I've been investigating the different ways to deal with local / short lived object past days, and so far i've seen 3 ways for doing this.
https://stackoverflow.com/questions/2800463/how-variables-are-allocated-memory-in-javascript
Which is what i use in the script to hold procedure arguments or local variable for the moment.
Each time a function/procedure is called, a stack frame is allocated on the heap to store local objects/variables, and collected normally as another heap allocated memory, when the collection is run after the function return.
A specific memory area is allocated for each threads additionally to the heap, and the program can push/pop elements to it by decrementing/incrementing the top pointer.
Pure stack can be made using the cpu built in stack registers and instruction, or implemented separately using higher level primitive to manipulate the stack.
The best i guess is to have a stack system, the advantages are that memory can be reclaimed easily immediately when the function / procedure return without much performance or complexity cost.
It also make recursion easy, and having lot of function call with local variable will leave the memory use as low as possible across differents functions call without havng to wait for a garbage collection.
The disavantage i see with stack is first if the language need to support blocking behavior, such as waiting on a promise to fullfill, it needs to pause the execution, then go back some level below to execute the background function or other events handlers while the promise is unavailable, and resume the execution when the promise is fullfilled.
As far as i understand, if the blocking mechanism of pause/resume need to be implemented, it would need a thread-like context switching for the stack, to make in sort that when a function execution is paused, the stack is saved, and it would needs another stack to keep the other part running, and then restoring the stack when the function execution is resumed.
It can be avoided by eliminating all blocking behavior, which is more or less what i intend to do, and using event/callback mechanism to handle asynchronous execution, similar to AS3, even if that can sometime be annoying to have everything as a callback, but otherwise if the language need to have a blocking behavior, even if it's single threaded in green thread manner, it still needs some kind of context switching to save/restore the stack.
With heap allocated structures, only the execution position needs to be saved/restored, and it doesn't require much complex thread-like context switching for blocking behavior.

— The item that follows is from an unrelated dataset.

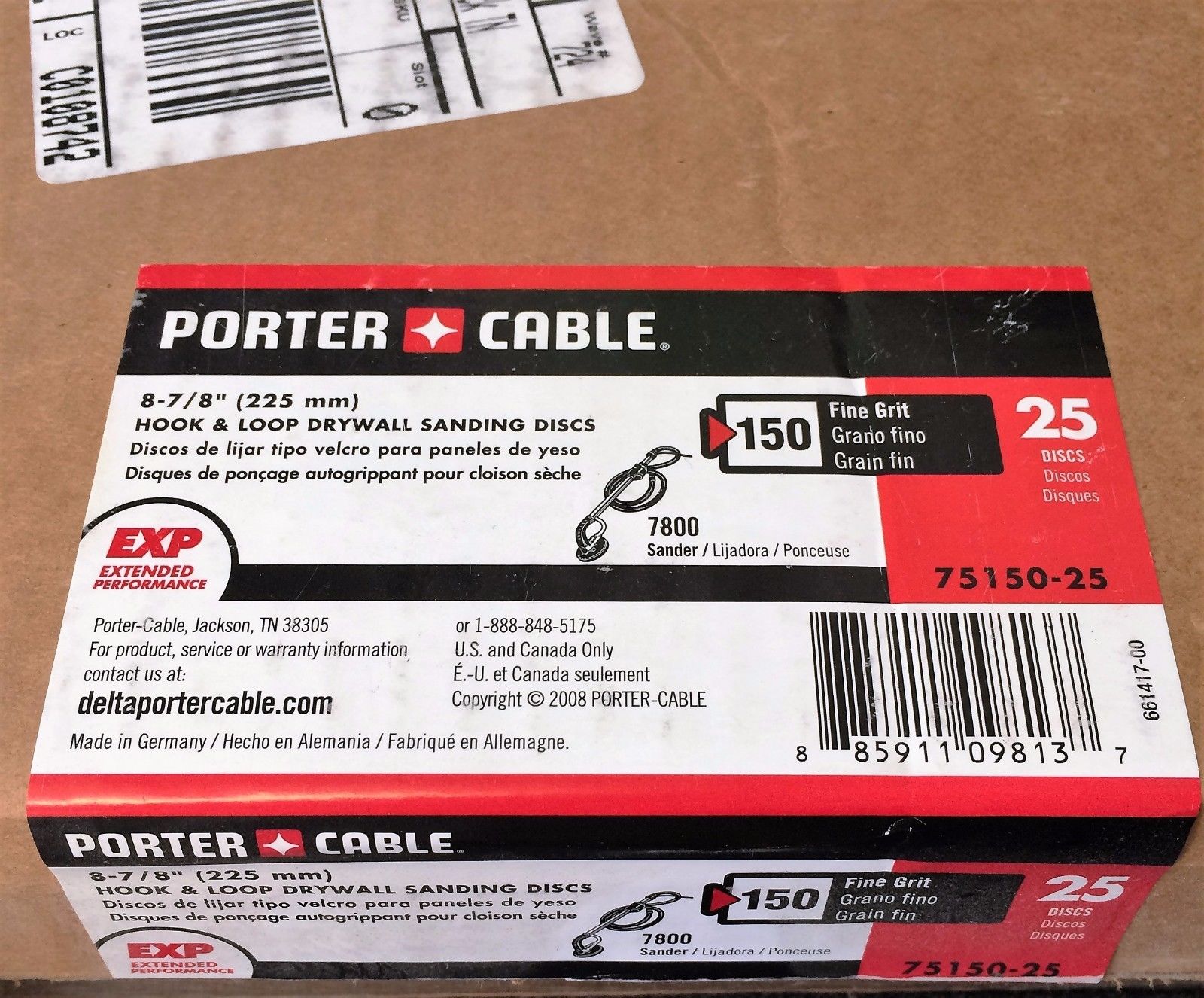 Porter Cable 75150-25 9" Hook & Loop Drywall Sanding Discs 150G 25-Pack Germany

The other problem is that the memory used by local objects will be invalid when the function return and the stack is restored to previous stack frame, so references to those objects will be invalid after the end of the function execution, but this one is probably not too hard to track either at compile time or runtime, as it should be made explicit that object allocated on the stack cannot be referenced by object allocated on the heap that live longer than the function. If they are simples values, they can just be copied by value. For more complex objects instances, it should be made explicit that heap objects can't hold reference to stack objects ( Not like in C or C++ where stack pointers are undistinguishable from heap pointers ).
Not necessarily, because let say a function or procedure trigger the memory collection when being high on the call stack, the collection still need to trace all the live objects in memory which can still represent high number of objects even if they are 'short lived' or their lifetime is stricly bound.
Using a stack those objects doesn't need to be cared about at all, and their memory is immediately reclaimed automatically for other local objects/variables when the function or procedure return.